→ **BRIEF**
Output only the lines below from the one holding "Bratari cu Talismane" down to the one holding "Mini Small Legend", both end lines included and every picture dropped.

→ **PROVIDED ENTRIES**
* * *

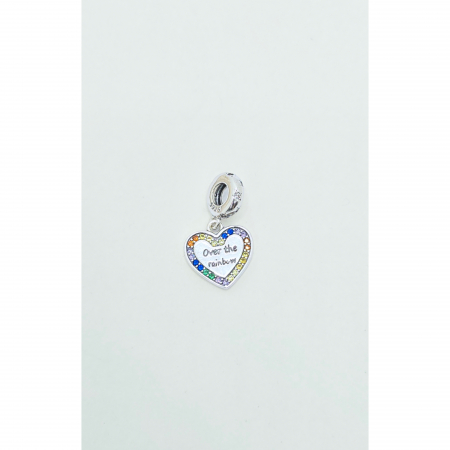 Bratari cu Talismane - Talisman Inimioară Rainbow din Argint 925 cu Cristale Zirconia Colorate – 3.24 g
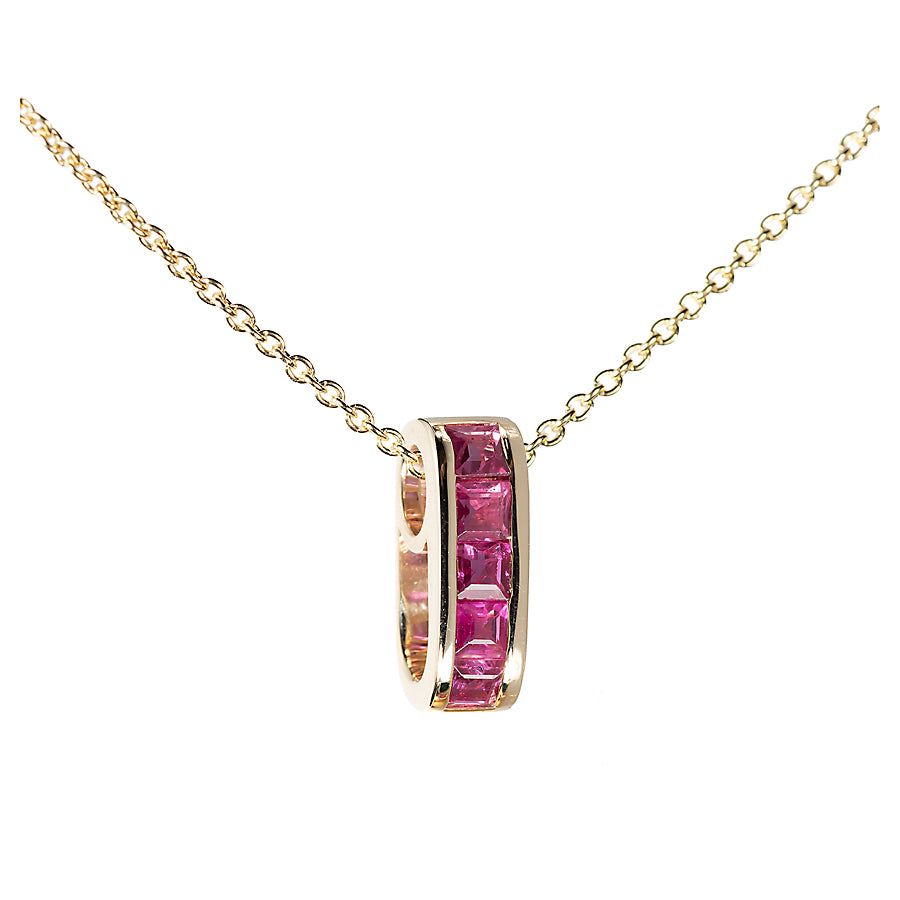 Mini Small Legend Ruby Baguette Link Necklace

* * *

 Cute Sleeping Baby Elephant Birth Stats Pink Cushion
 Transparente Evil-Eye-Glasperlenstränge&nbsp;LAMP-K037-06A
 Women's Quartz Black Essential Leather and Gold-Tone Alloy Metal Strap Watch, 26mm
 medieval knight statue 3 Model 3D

* * *

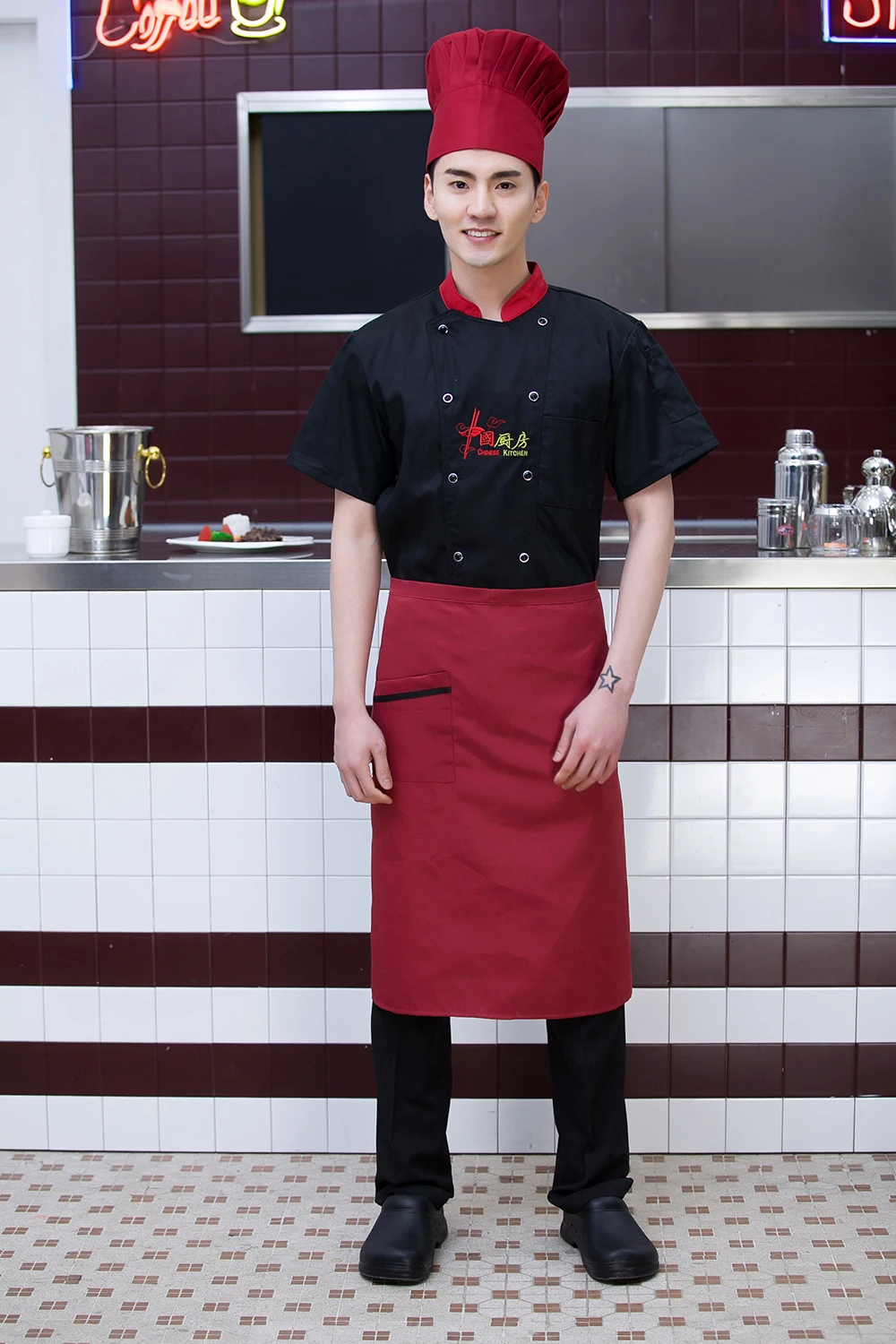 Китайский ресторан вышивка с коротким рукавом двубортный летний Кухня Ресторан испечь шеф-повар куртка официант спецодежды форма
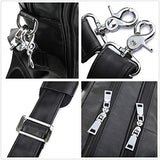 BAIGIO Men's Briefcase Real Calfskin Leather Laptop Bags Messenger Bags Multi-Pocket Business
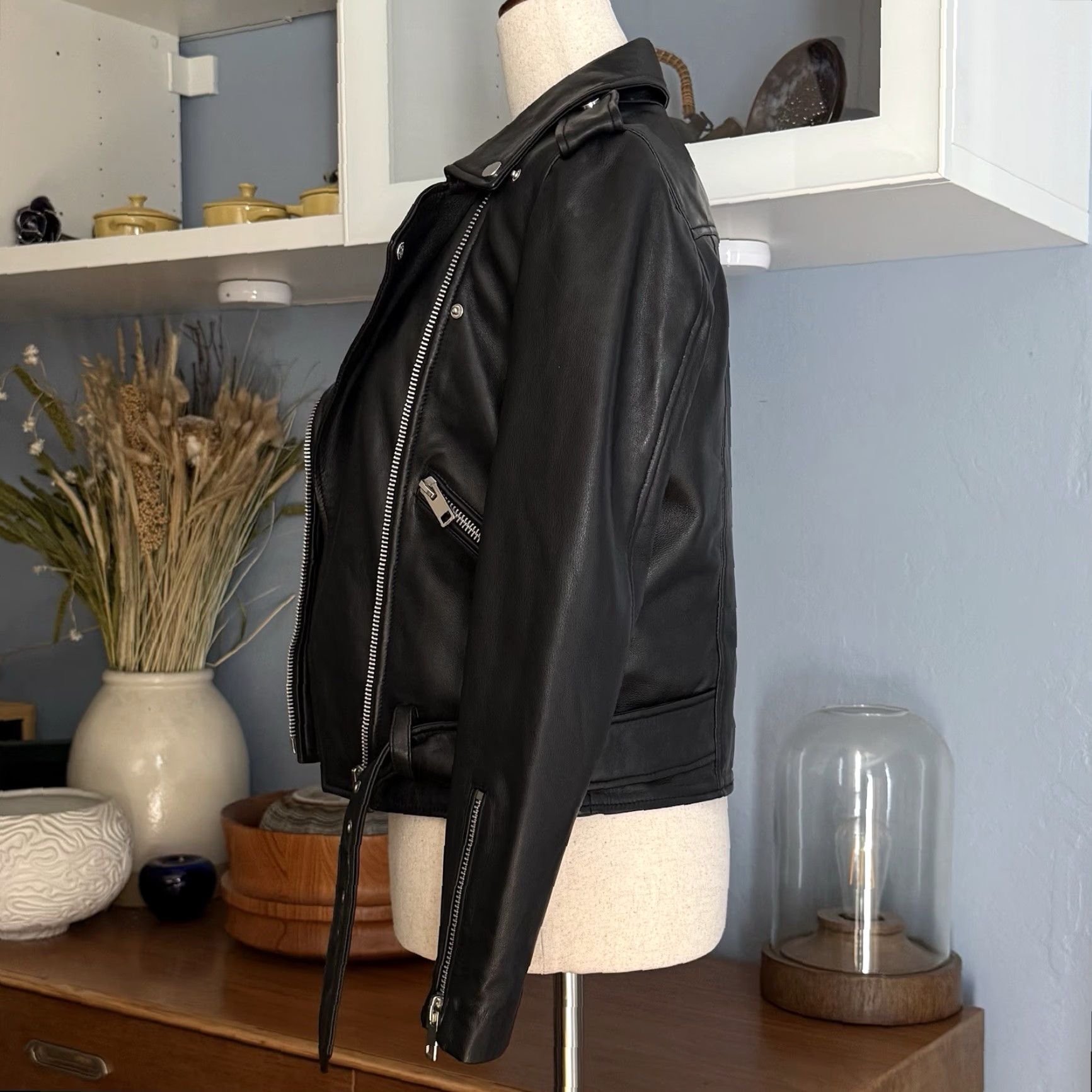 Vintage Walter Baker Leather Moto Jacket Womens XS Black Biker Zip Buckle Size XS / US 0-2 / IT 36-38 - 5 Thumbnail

* * *

→ **WRITTEN ANSWER**
 Bratari cu Talismane - Talisman Inimioară Rainbow din Argint 925 cu Cristale Zirconia Colorate – 3.24 g
 Mini Small Legend Ruby Baguette Link Necklace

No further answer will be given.